Troubles with the opening mechanism at a swing bridge in Wallaceburg, Ont., in the municipality of Chatham-Kent, will be addressed swiftly to safeguard against the possibility of creating a snarl of traffic along nearby Highway 40, says the municipality’s director of engineering and transportation.

"It’s not a simple (situation)," said Adam Sullo following a June announcement that the bridge would remain closed to marine traffic that could not clear the structure while it is closed.

"We’ve done some temporary modifications right now that should hopefully prevent any issues for the next few months."

The 23-year-old Base Line Bridge — one of four that carries motor vehicles and opens to marine traffic along the Sydenham River in the community near Lake St. Clair — is part of a heavy truck detour around Lord Selkirk Bridge, a double bascule span bridge on Highway 40 whose load was reduced to 15 tonnes late last year because of a need for repairs. The highway connects Chatham and Sarnia.

The problems at the Base Line Bridge are relatively minor, but they carry the risk of the bridge getting stuck in an open position at a time when the volume using it has more than doubled the bridge’s average daily traffic volume of 5,600 vehicles.

At issue is the structure’s out-of-date programmable logic controller used to sequence the steps to open the bridge as well as the sensors that help keep bridges and vehicles safe from damage.

The sensors need to be replaced.

"They keep showing that there’s an obstruction," Sullo said.

The override for the controller is on the bridge’s centre pier, which creates yet another problem: to reach the override, the bridge’s operator has to use a boat.

"So we’re looking at some changes to that," he added.
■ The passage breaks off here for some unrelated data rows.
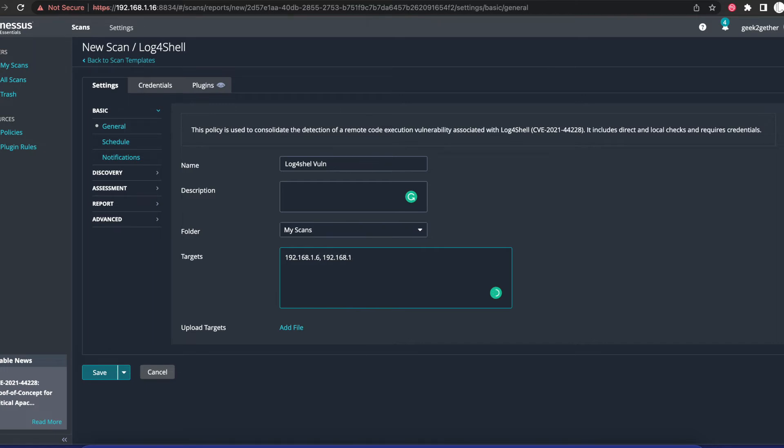You just have to follow this format. If you have multiple devices, you just use a comma and keep adding, or if you want to input a subnet, we can go ahead and input the whole /24 subnet.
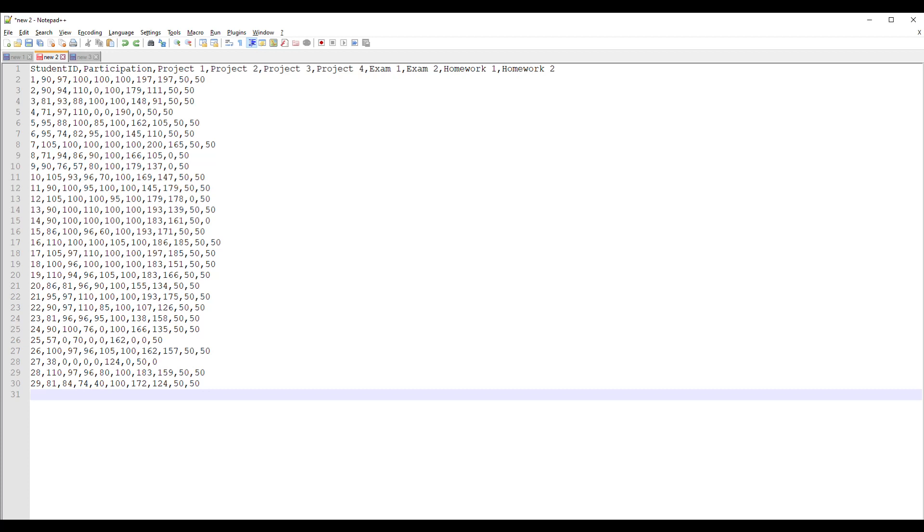So for instance in this example data we have student ID separated by a comma from their participation grade, separated by a comma from project one's grade and so on. On the next row we have the first student, their grade, separated by the next grade, separated by the next grade and so on for a total of 29 students with one row for the header making it a total of 30 rows.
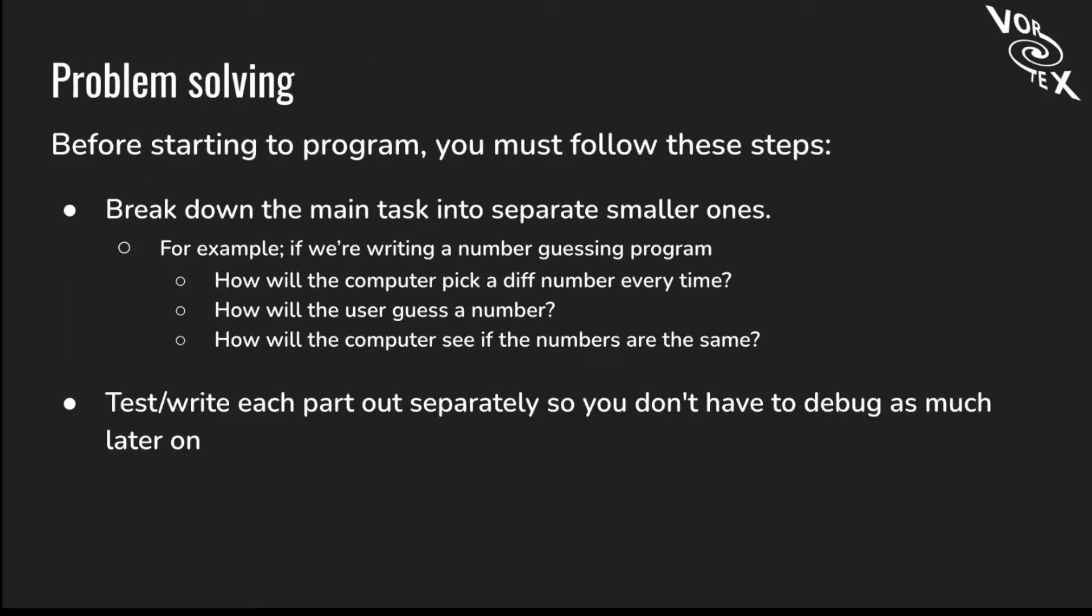Now we're going to talk about problem solving. Coding is really hard, so to be able to code a program, we have to follow different steps. Break down the main task into separate smaller ones. For example, if you're writing a number guessing program, separate it into: How will the computer pick a different number every time? How will the user guess the number? And how will the computer see if the numbers are the same? Test and run each part separately so you don't have to debug as much later on.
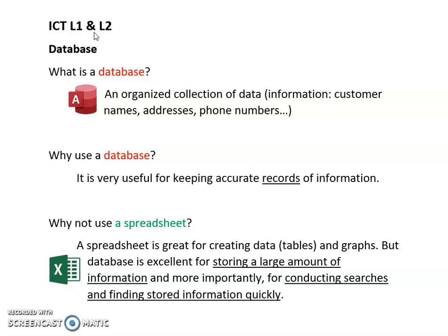This is an ICT level 1 and level 2 video and in this video we're going to be looking at database. So what is a database?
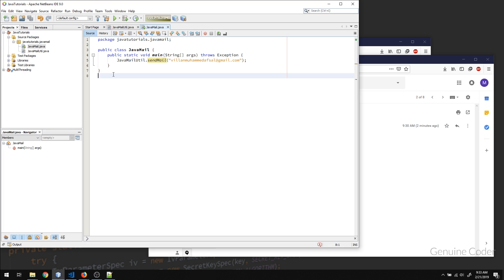That's how you send HTML content and simple text emails from your Java application. That's the end of this video — I hope it helped you in your projects. Thank you for watching, like the video if you liked it, and see you in the next one.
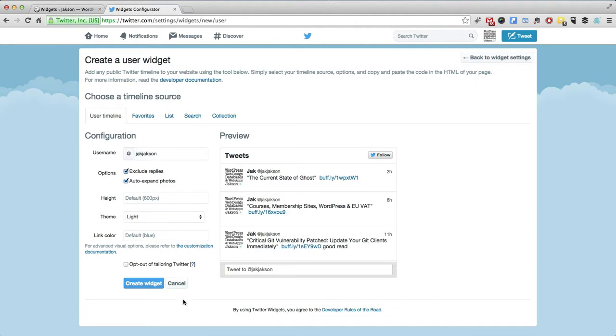There's not too much to choose from here. Remember, this is not the ultimate Twitter display on your site. This is about getting your tweets in there fast using Jetpack. So we're just going to leave it like that for the time being. We're going to create widget.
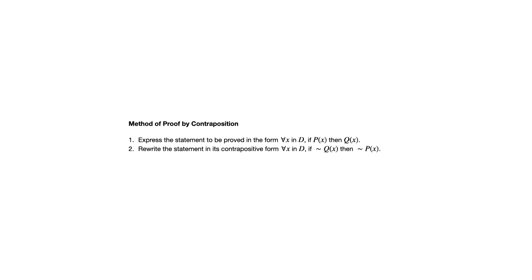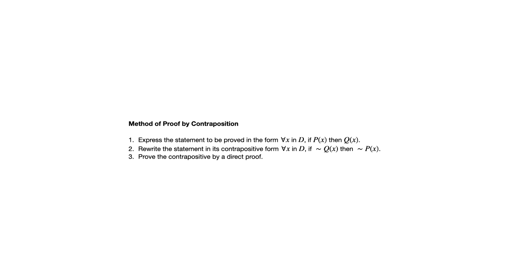But we're not going to do that in proof by contraposition because what we're doing is replacing it with the contrapositive. For all x and d, if not q of x, then not p of x. And then we prove the contrapositive with a direct proof. So we are doing a regular direct proof after we replace the original statement with its contrapositive. And that's what proof by contraposition is.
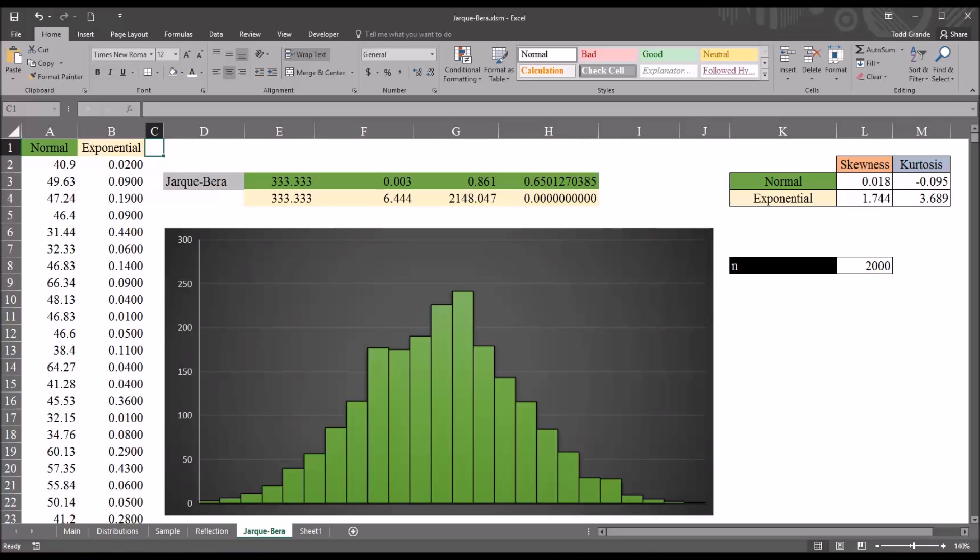Hello, this is Dr. Grande. Welcome to my video on calculating the Jarque-Bera test using Microsoft Excel.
A detailed inspection last year uncovered the need for electrical upgrades as well as some general maintenance. But the structure is in good condition. Sullo anticipated it will cost $300,000 to $600,000 to make the repairs, "but we’re not settled on that yet."

A much-needed new asphalt surface, repairs to curbs and waterproofing will have to wait until Base Line’s backup duties are over.

"We want to avoid restricting traffic on Base Line right now at least until we have Lord Selkirk completed," Sullo said.

He noted bridges that open for marine traffic cost 50 to 100 per cent more to maintain and operate than a fixed span. A number are needed in Wallaceburg because of recreational and barge traffic. Icebreakers also need access to ensure the river flows consistently.

"Someone had said to me once that Wallaceburg is designated the most flooded community in Canada," he said.

The repairs to Base Line Bridge won’t be complex; those needed for the Lord Selkirk Bridge will be, and Sullo anticipates spending $3 to $6 million on that project. The expenditure "should get the load limit lifted; it should be able to extend the life of the structure for another 20 to 30 years," he said.

Built in the 1950s, the Lord Selkirk uses riveted construction and is supported by a combination of concrete abutments and wood piers. The bridge is scheduled for refurbishment in 2018 and the municipality is currently in the design stage for that project.